Images do not belong in the copy. Set down all the entries exactly.

Content starts

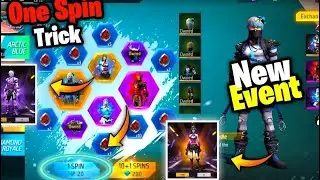 TM RDX GAMER 99 OP BALA BLUE BUNDLE EVENT AAYA HAI 💎💯😍💎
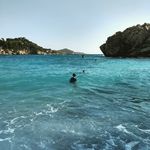 Profile Picture of Leo Graham (@leo._graham) on Instagram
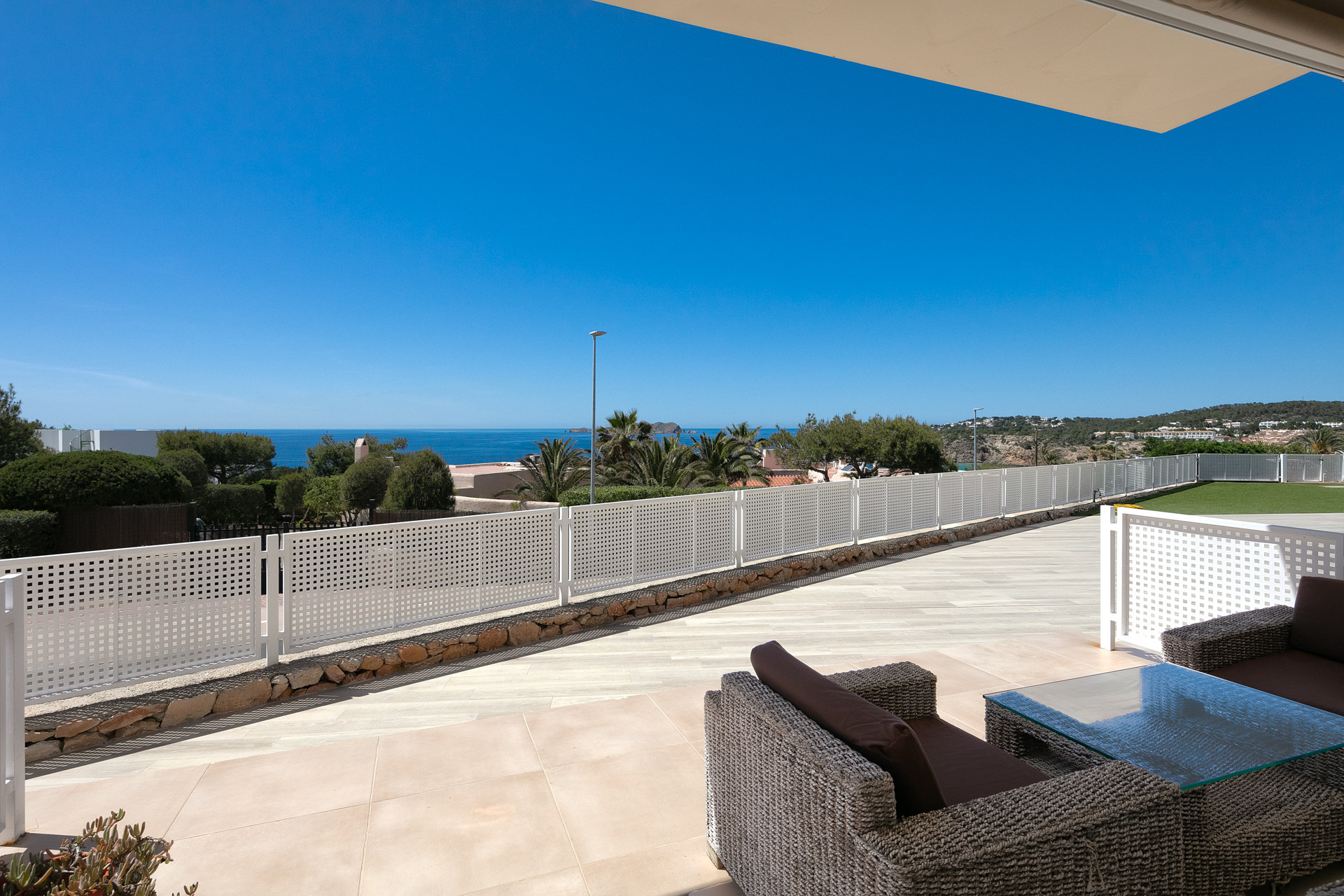 Townhouse for sale in Ibiza 34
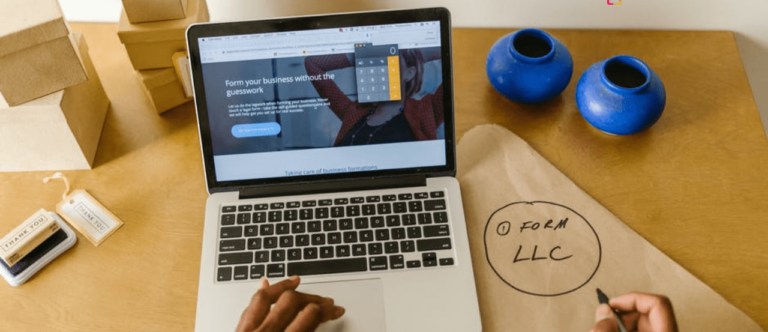 best Website Builders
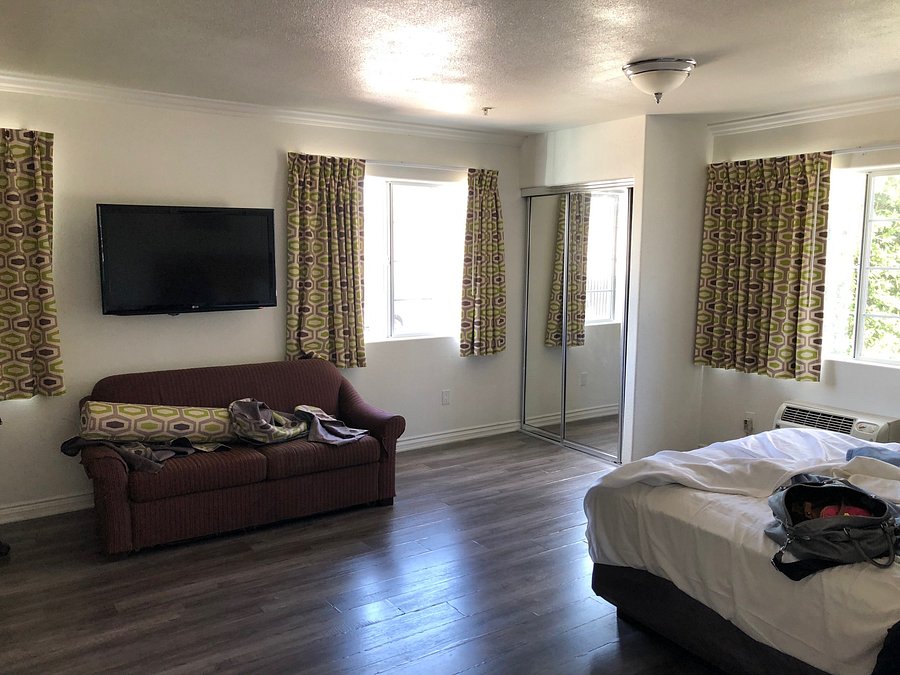 jewel city inn 82 1 0 3 prices hotel reviews glendale ca tripadvisor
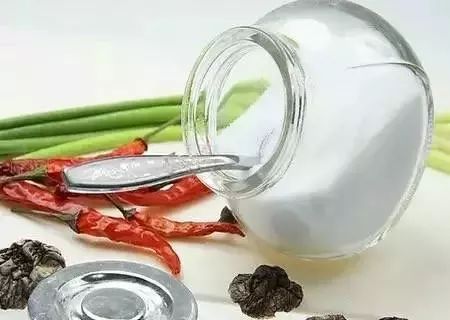 回南天湿气太重怎么办,回南天湿气入侵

Content ends

- **WRITTEN SOLUTION**
 TM RDX GAMER 99 OP BALA BLUE BUNDLE EVENT AAYA HAI 💎💯😍💎
 Profile Picture of Leo Graham (@leo._graham) on Instagram
 Townhouse for sale in Ibiza 34
 best Website Builders
 jewel city inn 82 1 0 3 prices hotel reviews glendale ca tripadvisor
 回南天湿气太重怎么办,回南天湿气入侵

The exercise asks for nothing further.